> _WORK TASK_
Once the pictures are removed, reproduce what is left of the data below exactly.
--- INFORMATION SHOWN Enclosed Below ---
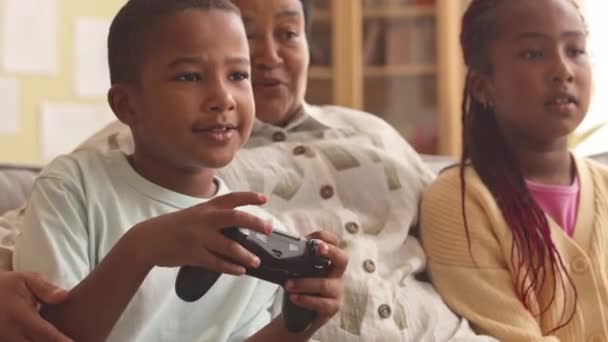 Starší Afroameričanka Její Dvě Vnoučata Hrají Videohry Pohovce Doma — Stock video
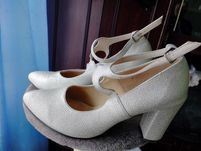 Sprzedam buty srebne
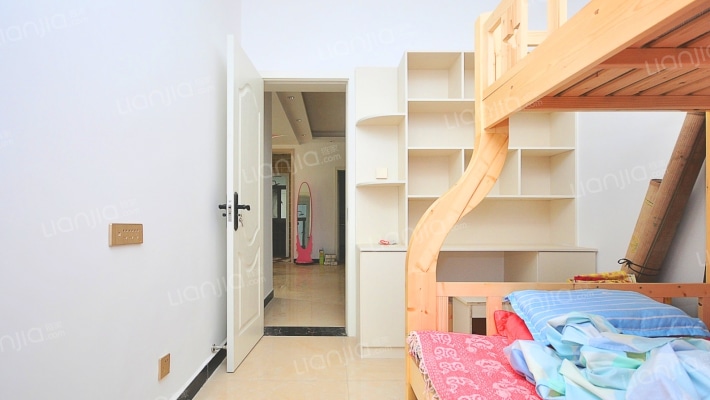 精装修大三室 房子空间大 价格低 居住舒适 采光好-卧室B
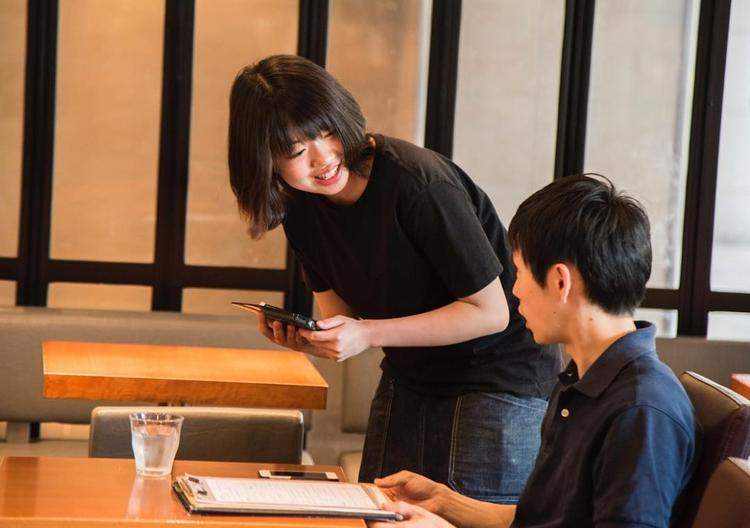 サービススタッフ大募集中!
--- End of Enclosed INFORMATION SHOWN ---
> _EXPECTED ANSWER_
 Starší Afroameričanka Její Dvě Vnoučata Hrají Videohry Pohovce Doma — Stock video
 Sprzedam buty srebne
 精装修大三室 房子空间大 价格低 居住舒适 采光好-卧室B
 サービススタッフ大募集中!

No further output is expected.